• Task to carry out:
Would you transcribe only the lines from the one holding "Wire Single End" through the end of the material, exactly, without any pictures?
Segment Start: Provided material
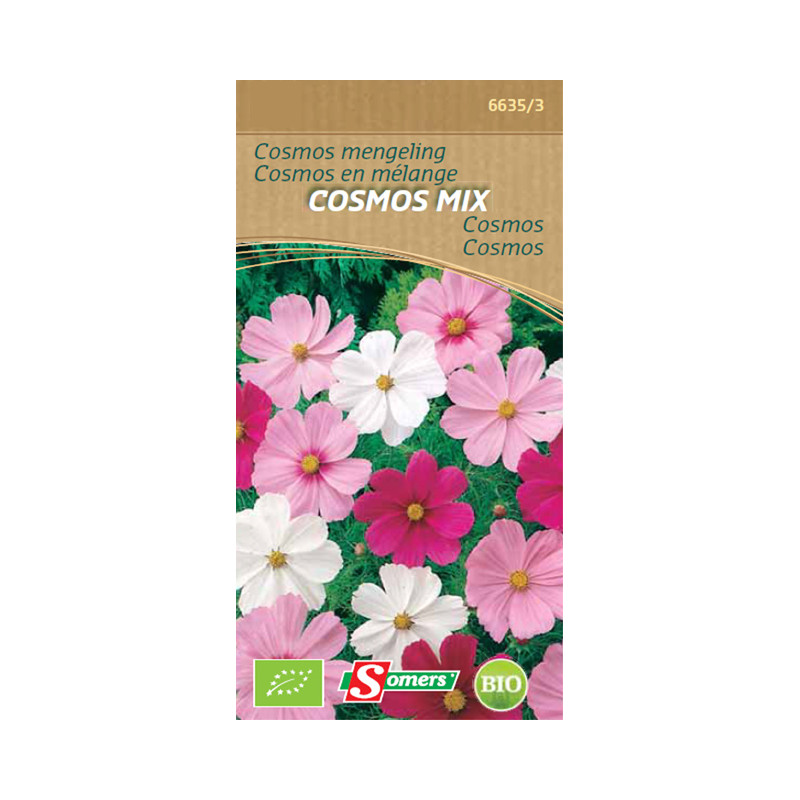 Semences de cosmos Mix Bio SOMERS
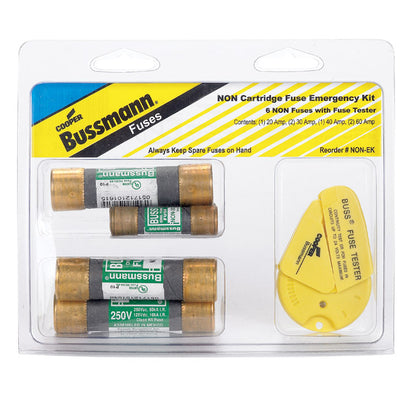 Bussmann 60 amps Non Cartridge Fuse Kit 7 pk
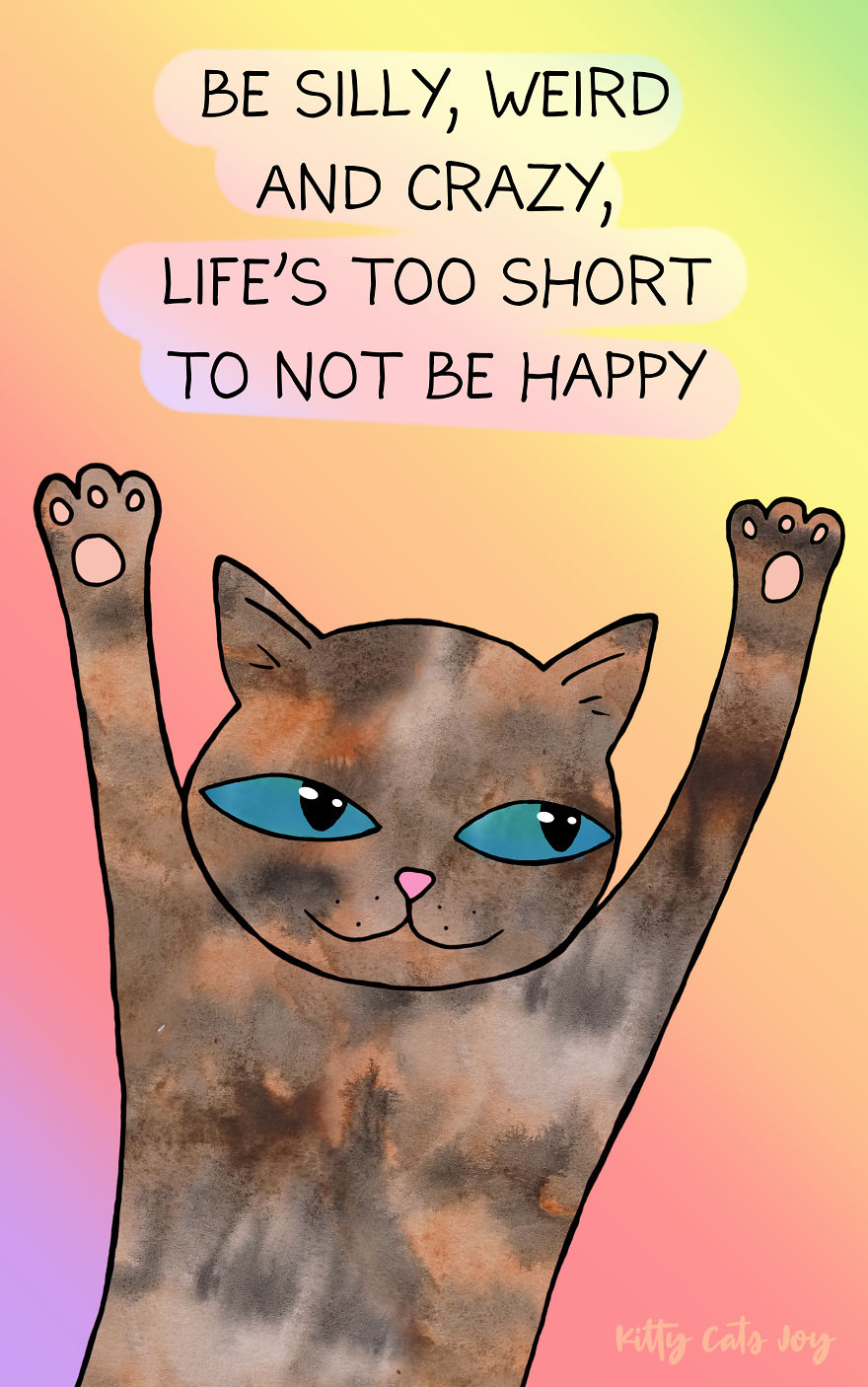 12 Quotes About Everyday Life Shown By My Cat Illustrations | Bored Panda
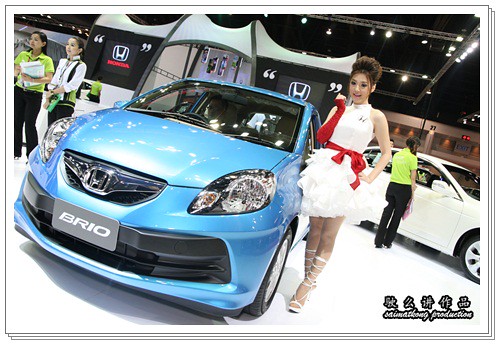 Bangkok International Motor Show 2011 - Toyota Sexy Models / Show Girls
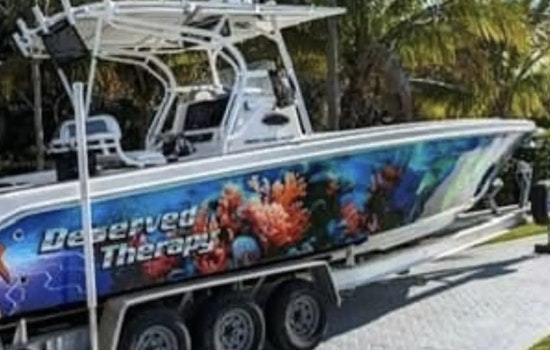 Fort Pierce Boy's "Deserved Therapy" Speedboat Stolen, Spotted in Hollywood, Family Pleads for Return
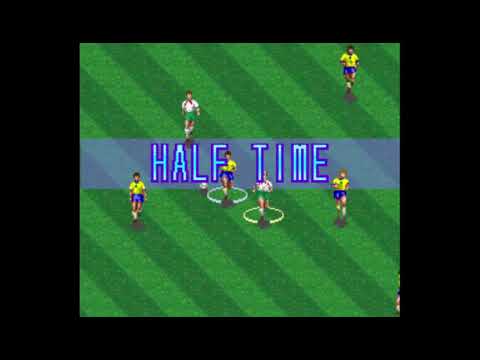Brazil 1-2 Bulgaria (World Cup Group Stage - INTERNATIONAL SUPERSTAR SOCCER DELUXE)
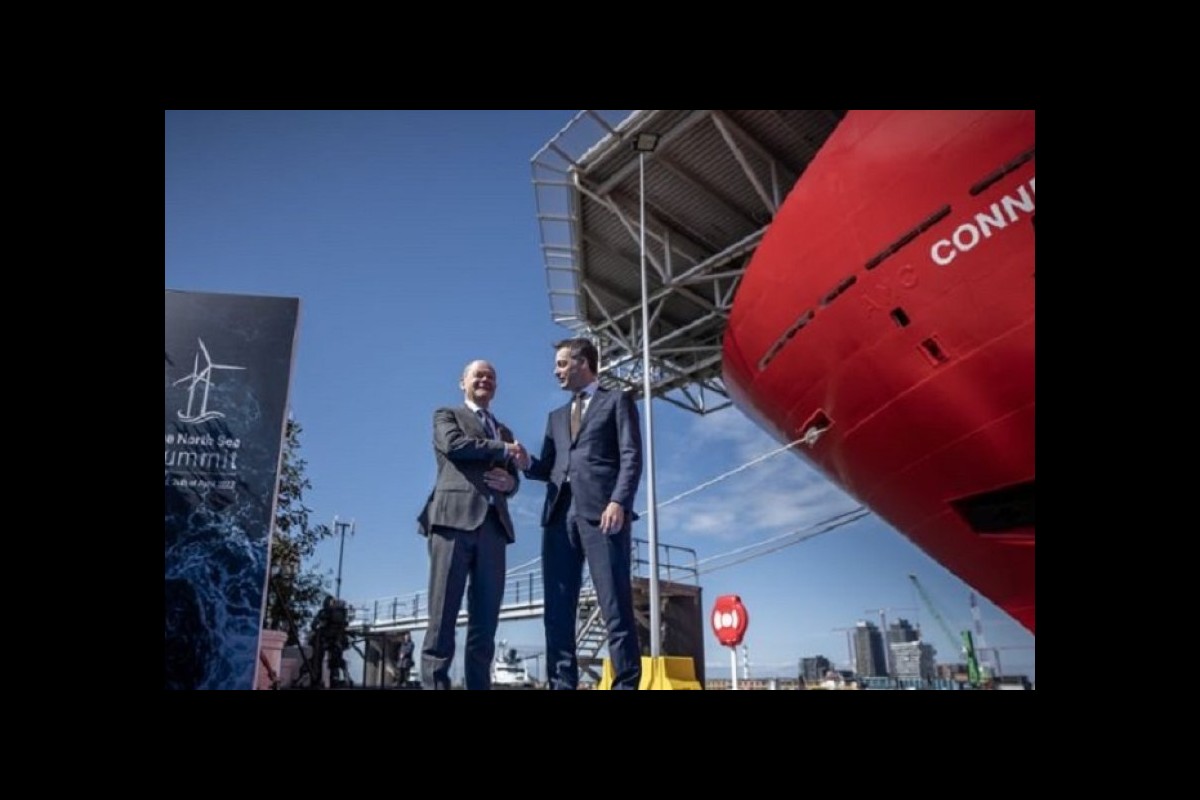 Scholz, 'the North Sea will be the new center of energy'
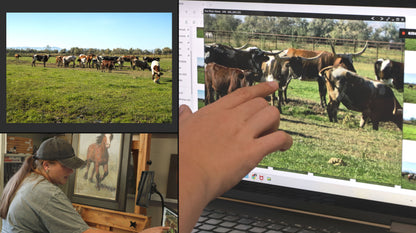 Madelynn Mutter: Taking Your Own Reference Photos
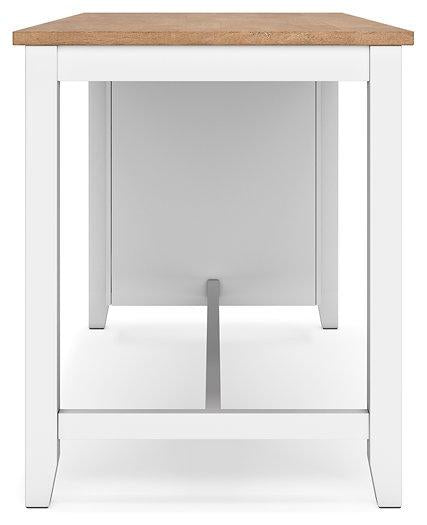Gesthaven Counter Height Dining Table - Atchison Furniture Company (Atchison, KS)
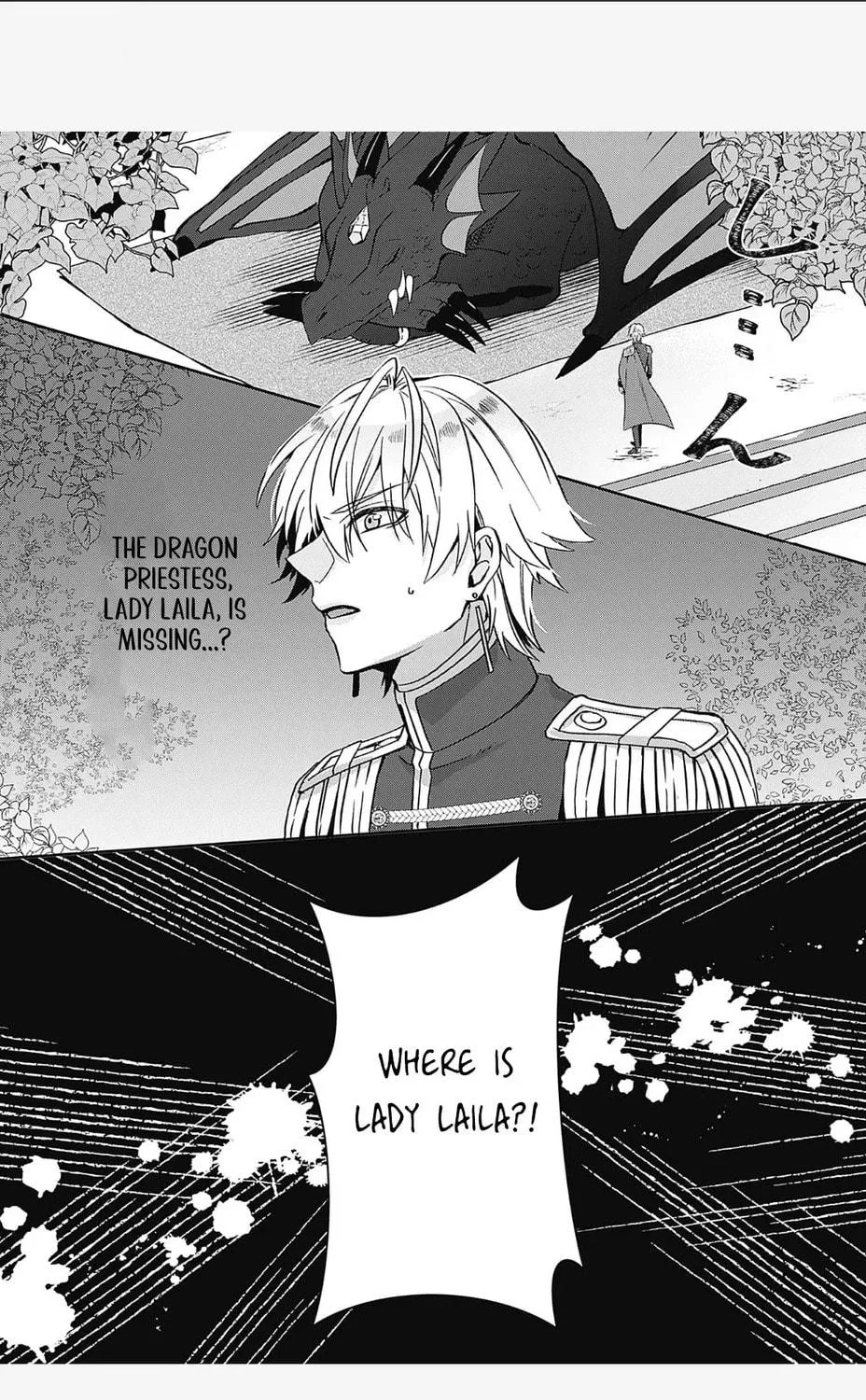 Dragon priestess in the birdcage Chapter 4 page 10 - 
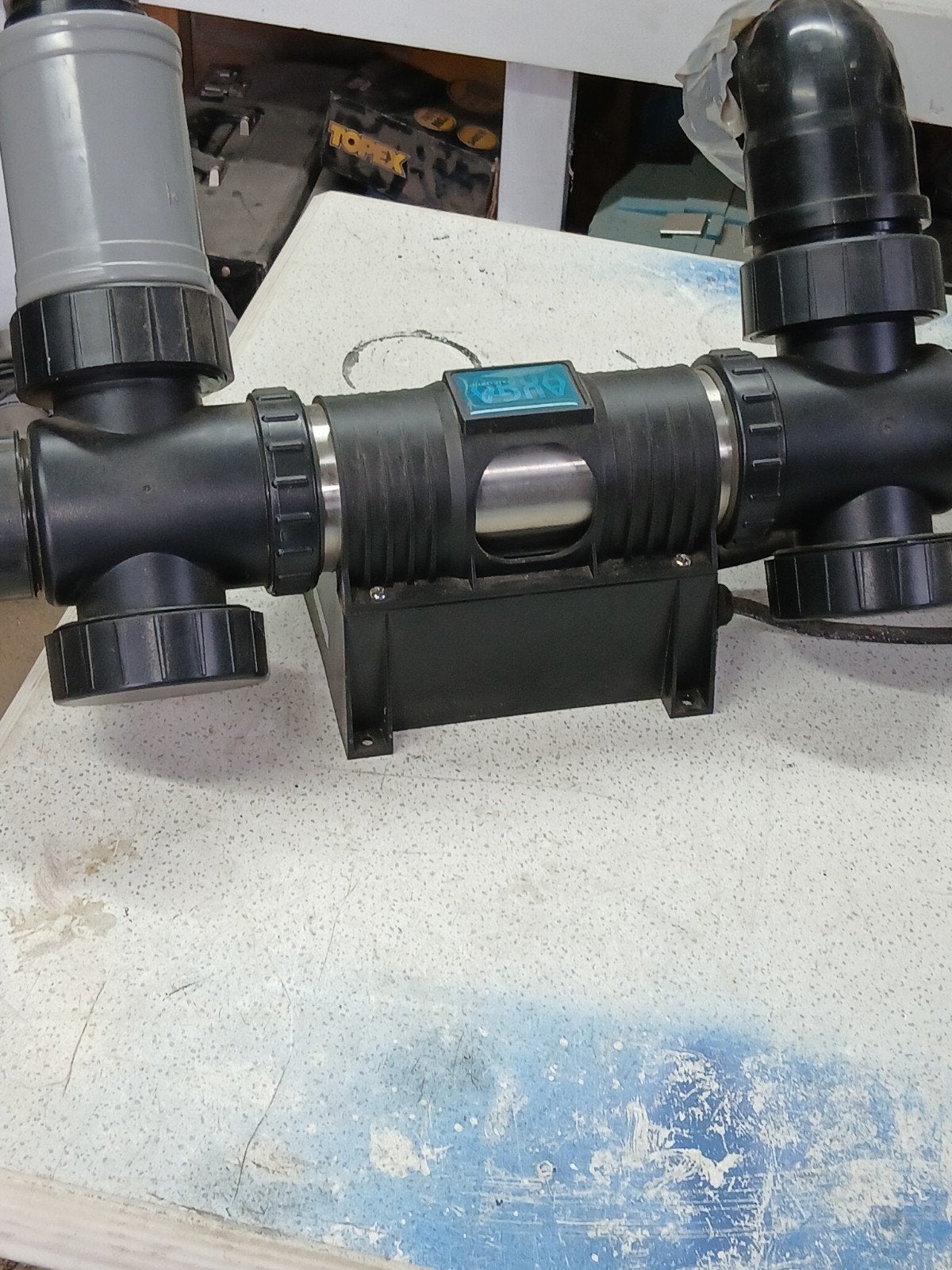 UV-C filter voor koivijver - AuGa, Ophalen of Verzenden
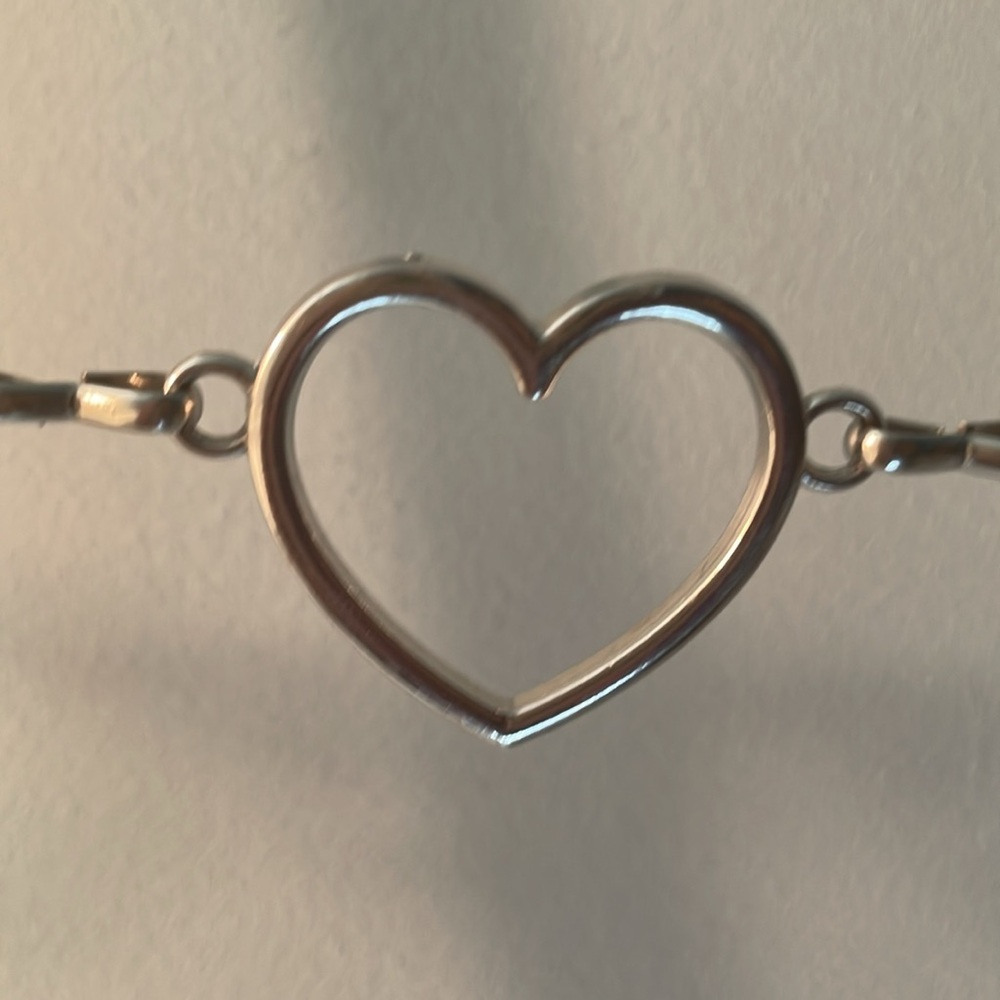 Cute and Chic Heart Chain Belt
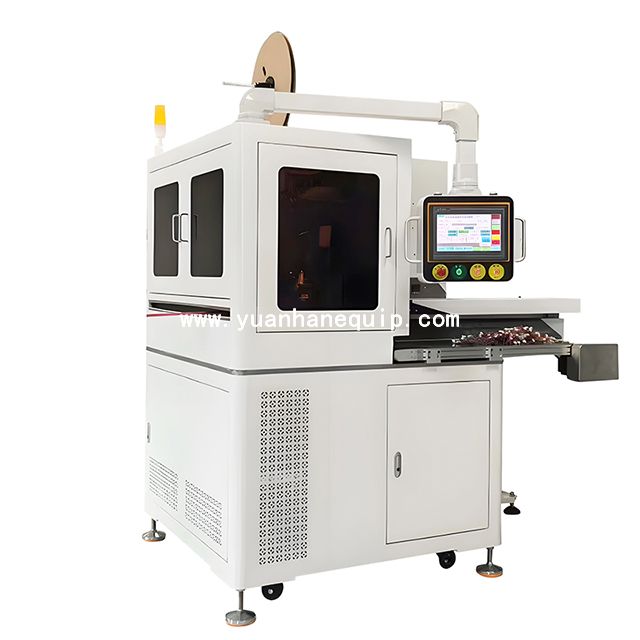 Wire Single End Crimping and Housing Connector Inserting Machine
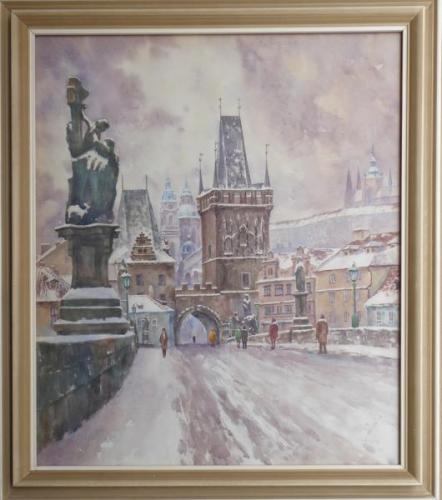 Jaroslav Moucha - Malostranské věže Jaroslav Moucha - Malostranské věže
Segment End: Provided material
• Solved problem:
 Wire Single End Crimping and Housing Connector Inserting Machine
 Jaroslav Moucha - Malostranské věže Jaroslav Moucha - Malostranské věže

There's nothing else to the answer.